Dataset entries:
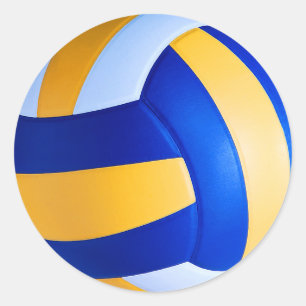 Pegatina Redonda Voleibol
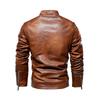 Veste en cuir pour homme, combinaison de moto et veste en cuir velours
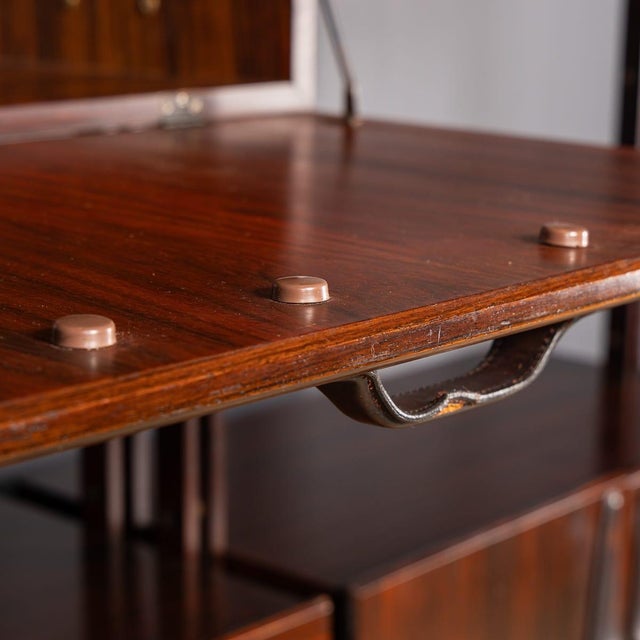 Vintage Italian Modular Hardwood Wall Cabinet by Franco Albini, 1950 For Sale - Image 15 of 18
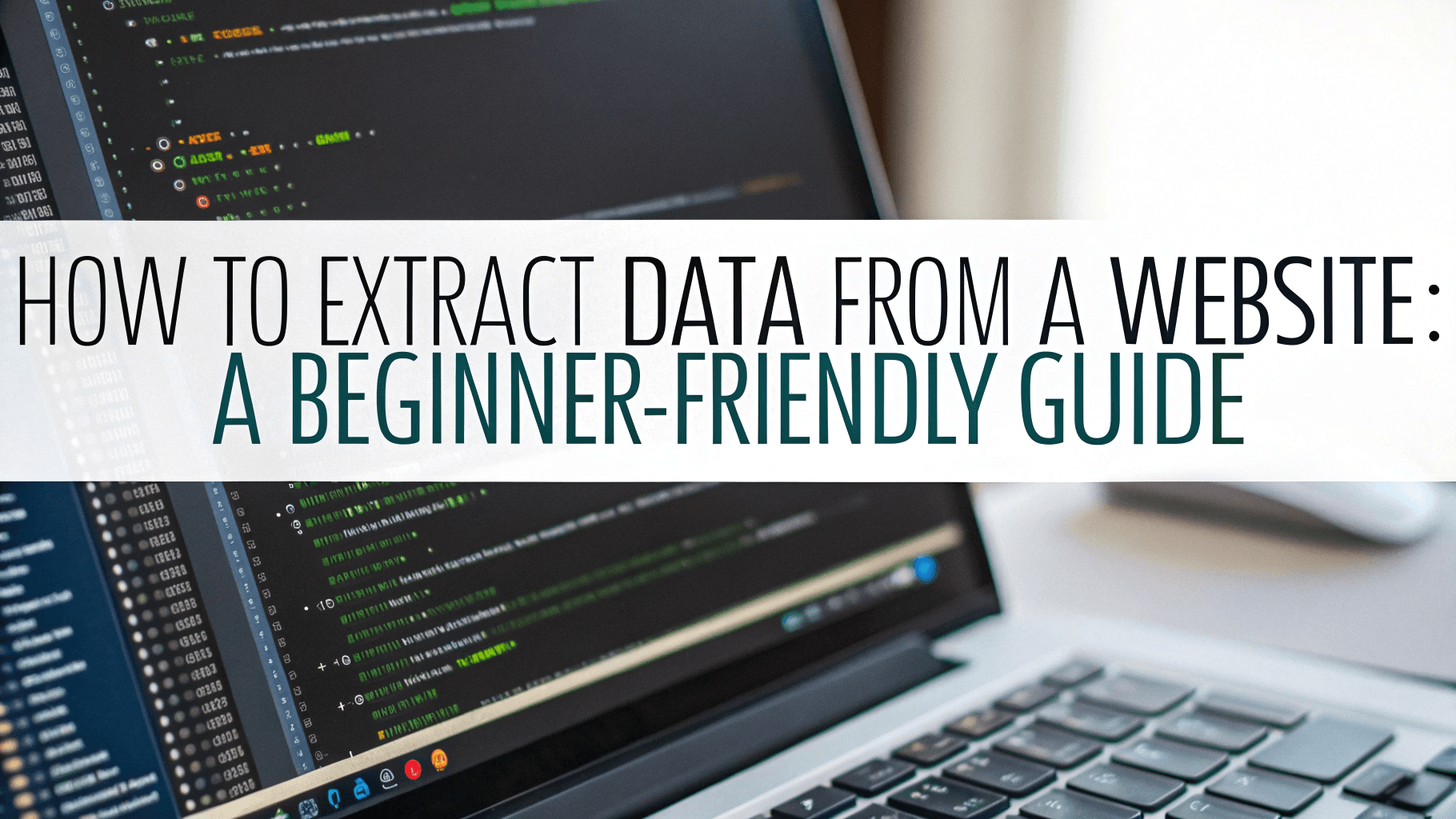 How to Extract Data from a Website: A Beginner-Friendly Guide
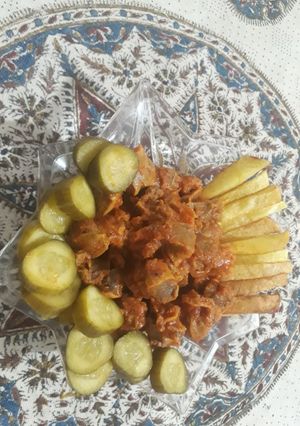 عکسی از دستور خوراک سنگدان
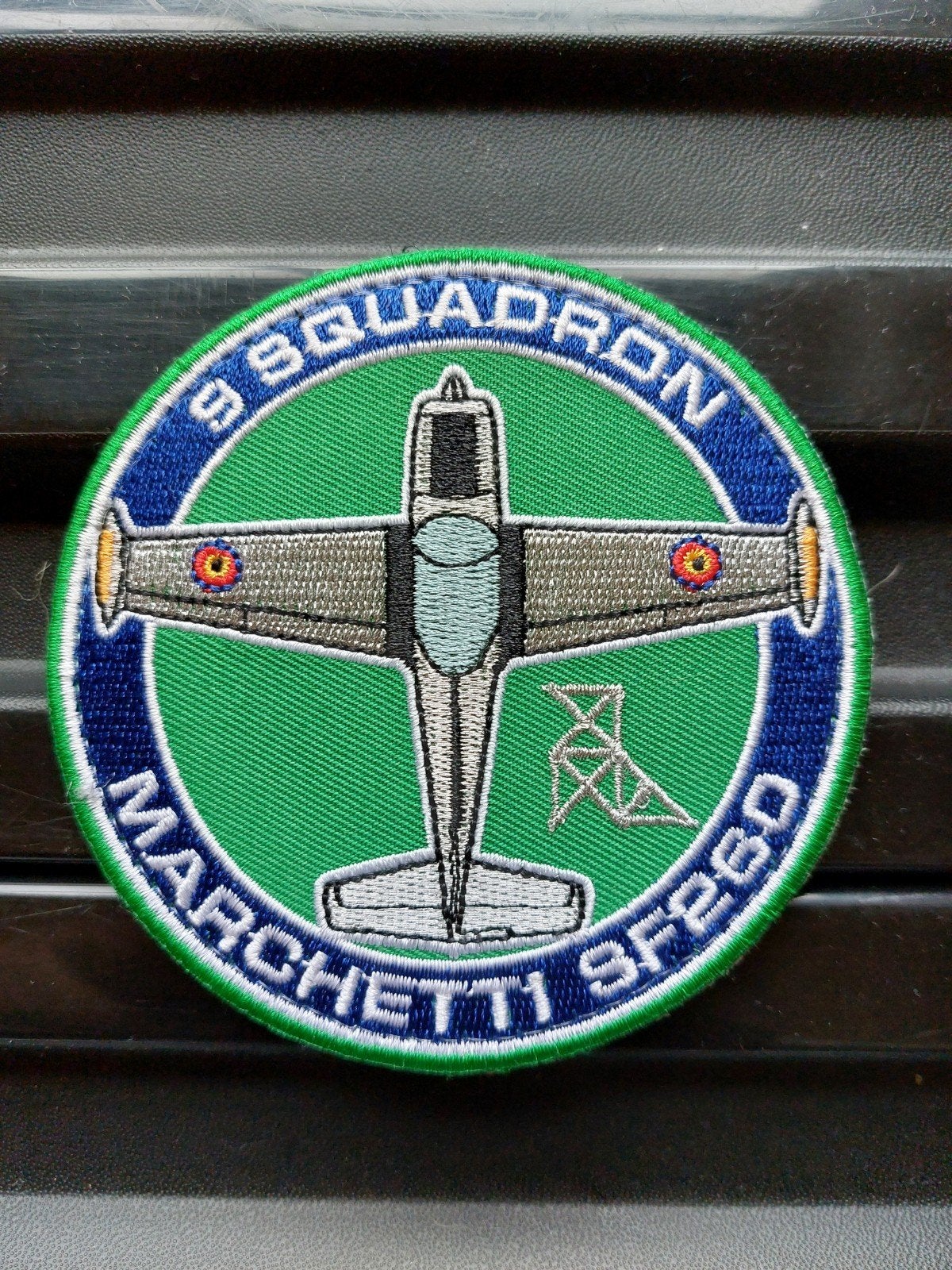 Patch Belgian Air Force 9 Squadron Marchetti, Verzamelen, Militaria | Algemeen, Verzenden, Luchtmacht, Embleem of Badge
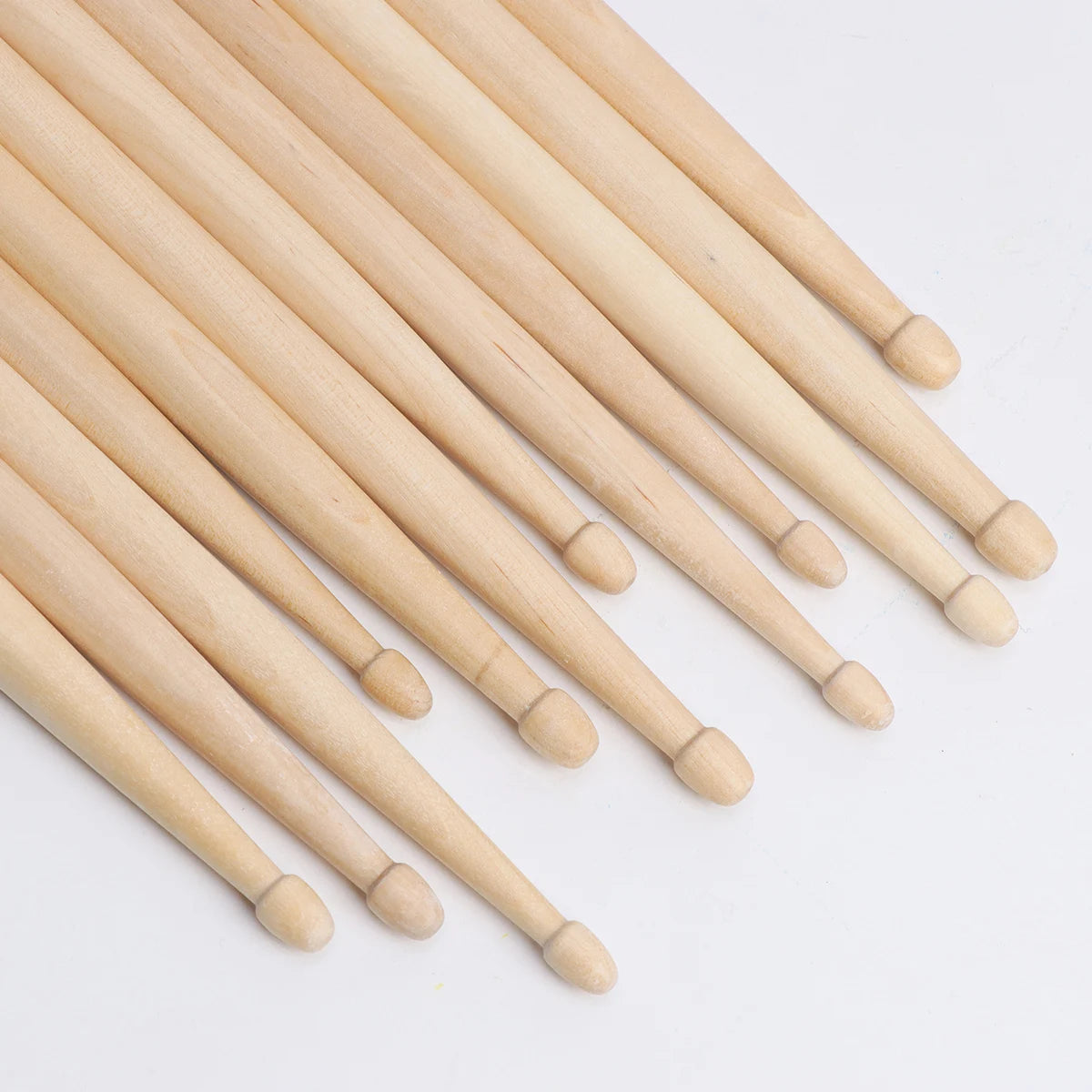 XINY-1 Pair Maple Drumstick 5A 7A 5B Three Model Set Walnut Grade Sound Penetration Drummer Practice Stage Performance Drumstick Beauty World Shop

→ **Activity**:
Exactly the lines from the one with "How to Extract" through the end of the records are to be repeated, both ends included, and pictures are to be omitted.

→ **Task answer**:
 How to Extract Data from a Website: A Beginner-Friendly Guide
 عکسی از دستور خوراک سنگدان
 Patch Belgian Air Force 9 Squadron Marchetti, Verzamelen, Militaria | Algemeen, Verzenden, Luchtmacht, Embleem of Badge
 XINY-1 Pair Maple Drumstick 5A 7A 5B Three Model Set Walnut Grade Sound Penetration Drummer Practice Stage Performance Drumstick Beauty World Shop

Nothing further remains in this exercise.